Der rote Wagen stand praktisch genau vor der Haustür, aber sein Besitzer machte ihr nicht die Tür auf. Sie schellte mehrere Male und wartete fünf Minuten. Gerade als sie wieder gehen wollte, kam eine ältere Frau auf sie zu. In der linken Hand trug sie eine Einkaufstüte, in der rechten einen Katzenkorb mit Katze.
Sylvia erkundigte sich bei ihr, ob sie Peter Kleine in den vergangenen Tagen gesehen hatte. Die Hausbewohnerin schüttelte nach kurzem Zögern den Kopf.
»Jetzt, da Sie mich darauf ansprechen, fällt mir tatsächlich auf, ihm schon lange nicht mehr begegnet zu sein. Obwohl wir auf der gleichen Etage wohnen.« Mit einer Kopfbewegung deutete sie Richtung Bürgersteig. »Und das Auto ist auch ewig nicht bewegt worden. Blockiert den besten Parkplatz vorm Haus.« Im Korb miaute die Katze kläglich. Entschuldigend lächelte die Nachbarin. »Wir waren gerade beim Tierarzt, Tinka will unbedingt raus.«
»Kann ich verstehen, ich habe selbst einen Kater zu Hause. Haben Sie in letzter Zeit mal Musik aus seiner Wohnung gehört?«
Erneut schüttelte die Dame den Kopf. »Ob ihm etwas zugestoßen ist?«
Eine halbe Stunde später befand sich Sylvia im Büro der Kommissare Bauer und Vetter und informierte sie über den Sachstand. Als sie erwähnte, wann der Student seine Ex-Freundin verlassen hatte, wurden die beiden hellhörig. Hatte sich Kleines Weg etwa mit dem des Mörders gekreuzt und war ihm dies zum Verhängnis geworden?

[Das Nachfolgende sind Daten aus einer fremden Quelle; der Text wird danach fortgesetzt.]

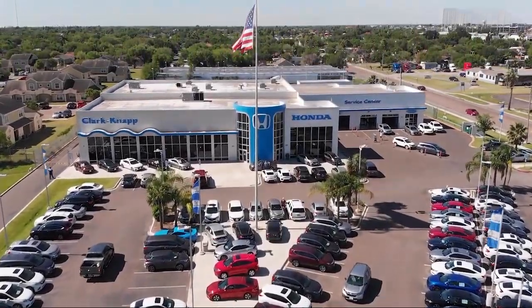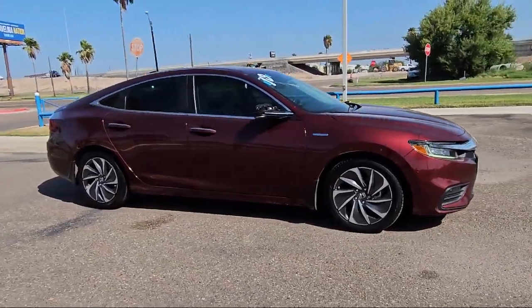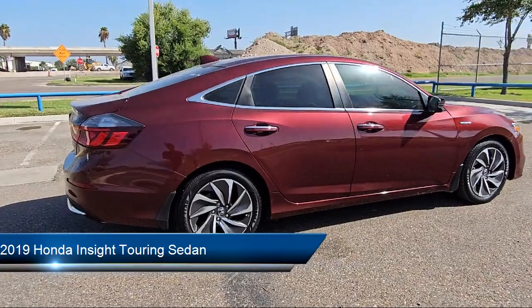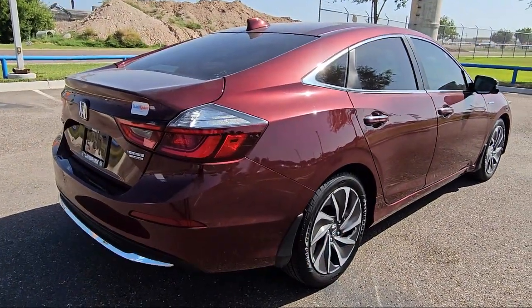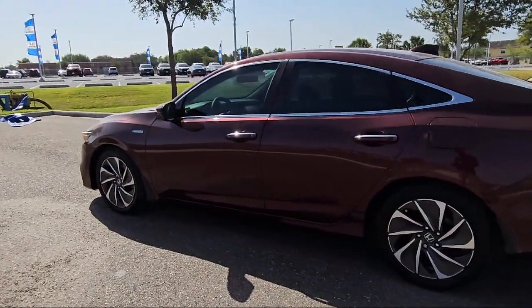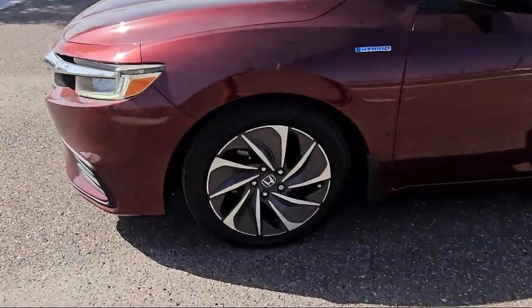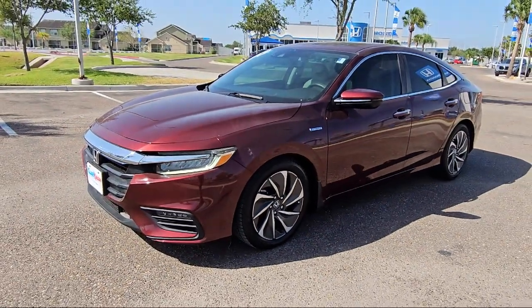Welcome to Clarkknapp Honda, and here's a look at another one of our great vehicles from our inventory. It comes equipped with rear-view camera, rain-sensitive windshield wipers, keyless entry, Apple CarPlay and Android Auto, heated front seats, leather steering wheel with auto tilt-away, Homelink, auto high-beam headlamp control, outside temperature display, electronic stability control, and has less than 35,000 miles on the odometer.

Kleines Eltern waren vier Jahre zuvor bei einem Hubschrauberabsturz im Grand Canyon ums Leben gekommen, wie ihr Isabella erzählt hatte. Da diese keinen Schlüssel zur Wohnung besaß, versuchte Sylvia in den folgenden zwei Tagen erfolglos, einen näheren Verwandten, Bekannten oder Kommilitonen zu finden, der Peter Kleine seit jener Nacht gesehen oder mit ihm gesprochen hatte. Danach ließ sich Kommissarin Bauer einen richterlichen Beschluss ausstellen, um ihnen Zugang zu Kleines Wohnung zu verschaffen. Nach dem Öffnen der Eingangstür inspizierten Sylvia und die Leiter der Soko in Begleitung von Isabella die Räume. Die Pflanzen waren anscheinend seit Längerem nicht gegossen worden und einige der Fische im Aquarium waren eingegangen. Nach einer kurzen Musterung des Kleiderschranks stellte Isabella fest, dass keines der Lieblingskleidungsstücke ihres Ex-Freundes fehlte.
Die Polizisten standen vor einem weiteren Rätsel.
16
Jan Uhlich zuckte vor Thorsten Walthers hasserfülltem Blick zurück.

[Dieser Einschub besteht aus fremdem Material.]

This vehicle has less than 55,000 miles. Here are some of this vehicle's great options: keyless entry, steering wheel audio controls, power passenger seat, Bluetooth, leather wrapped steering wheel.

»Was denkst du dir eigentlich dabei?«, fauchte Walther.
»Das verstehst du nicht«, entgegnete Uhlich mit unterwürfiger Stimme.
»Da hast du allerdings recht! Seit Monaten lasse ich dich hier wohnen. Du musst dich lediglich nach deinen Möglichkeiten finanziell beteiligen und manchmal nett zu mir sein. Ist das zu viel verlangt?«
Uhlich schaute zu Boden. Warum brachte er sich bloß jedes Mal in Schwierigkeiten? Die Bullen suchten ihn, aber anstatt froh zu sein, bei jemanden wohnen zu können, dem das egal war, setzte er alles aufs Spiel.
»Können wir den Vorfall nicht einfach vergessen?«, bat er kleinlaut.
An dem Abend, als seine ersten Pflegeeltern bei einem Autounfall ums Leben gekommen waren, hatte er instinktiv gespürt, dass etwas Schreckliches passieren würde. Noch ehe sie sich ins Auto gesetzt hatten.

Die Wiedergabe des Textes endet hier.